Je m’aperçois que je me suis engouffré dans une voie sans issue, le cul-de-sac parfait, qui ne me laisse que trois solutions : répéter indéfiniment une forme d’expression qui avec le temps est devenue formule, cesser totalement de continuer à faire ce métier, puisque la voie qui était mienne n’en est plus une pour moi ; la dernière serait d’essayer de trouver une nouvelle forme d’expression qui puisse convenir à celui que je suis devenu.
La première solution ; je me connais assez pour savoir que je serai incapable de la suivre. La seconde : pourrai-je tenir ? Reste la troisième, cette nouvelle forme d’expression que je cherche, pour l’instant je ne la vois pas. En tout état de cause, si elle existe, elle s’imposera d’elle-même. Il n’y a qu’à attendre.
Septembre 1970
LA RIGUEUR D'ÉCRIRE
Je ressens en moi une sensation diffuse mais persistante de l’extrême complexité des choses, phénomènes psychiques, intellectuels, moraux et autres qui déterminent des événements, des faits. C’est un sentiment frustrant, car il m’empêche souvent de formuler par écrit certaines pensées que j’ai pourtant envie de noter.
Écrire, suppose une certaine rigueur, une concision qui à son tour impose des restrictions donc l’élimination d’une quantité d’éléments insaisissables dont la complexité est antinomique à une expression intégrale. Il en résulte l’extrême difficulté d’une expression nuancée qui soit en même temps complète et brève.
D’où la sensation que toute pensée écrite est tronquée, partielle, incomplète, par conséquent sujette à caution.

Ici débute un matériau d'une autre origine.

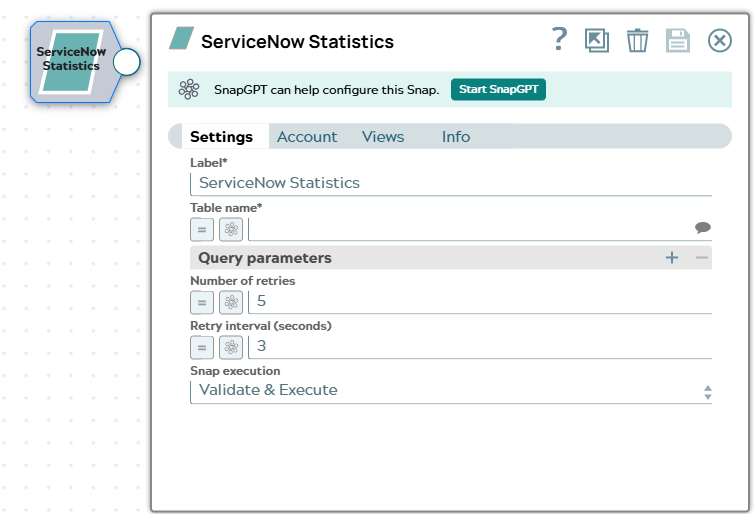 The Settings tab of the ServiceNow Statistics Snap, showing the Label, Table name, Query parameters, Number of retries, Retry interval (seconds), and Snap execution fields.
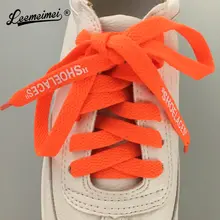 47 дюймов полиэстер "шнурки" OW подписано совместно черный белый экран печати плоские шнурки на заказ для кроссовок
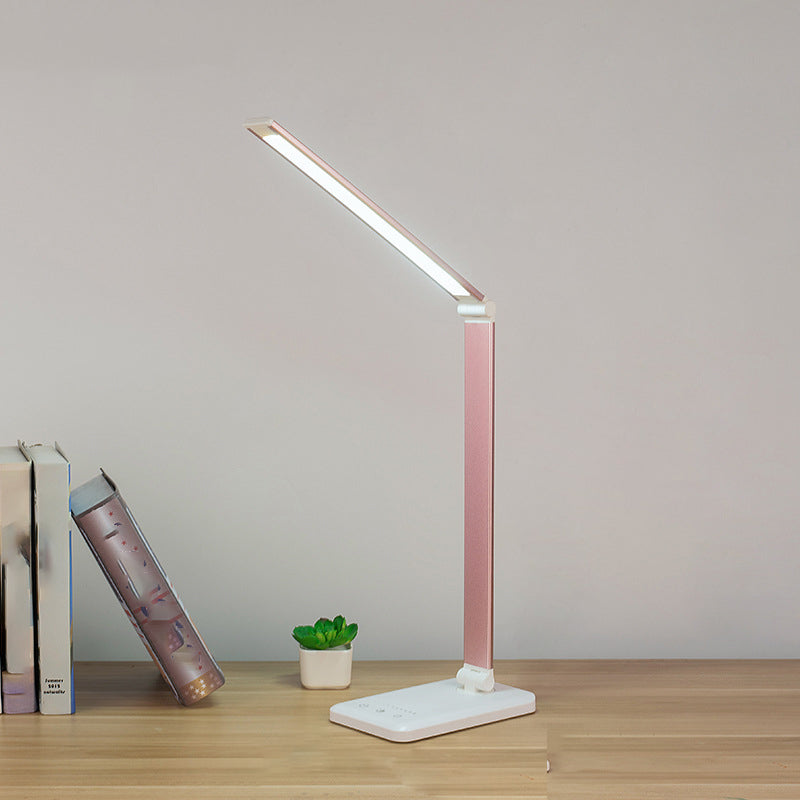 Lampe de table USB avec contrôle tactile, style tâche de pliage en métal clair pour chambre à coucher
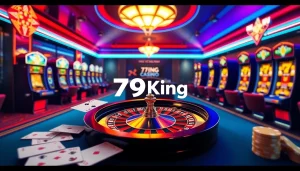 Online gambling at 79King with vibrant casino atmosphere.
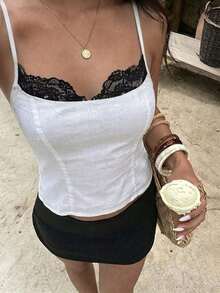 Camiseta ajustada con cuello de encaje negro, estampado de lunares blanco y negro para mujer - Multicolor - Ver 2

Pourtant, parfois j’ai envie de noter.
Novembre 1971
SUBLIME HÉRÉSIE
Je viens d’un espace géographique et spirituel si éprouvé, qu’il m’obsède, me poursuit quoi que je fasse, où que j’aille. Je ne me rends pas compte si cela représente une chance (dans le sens qu’un tel itinéraire révèle peut-être mieux les choses essentielles) ou une malchance.
Le jeu esthétique purement formel ne me fascine pas, ne m’intéresse pas. Ni la « beauté intrinsèque » d’une pompe à essence, ou d’un pneu de voiture. Pas davantage, la jouissance d’un accord chromatique aussi beau qu’il puisse être.
Venant d’où je viens, je ne veux rien avoir à faire d’un assujettissement politique quel qu’il soit.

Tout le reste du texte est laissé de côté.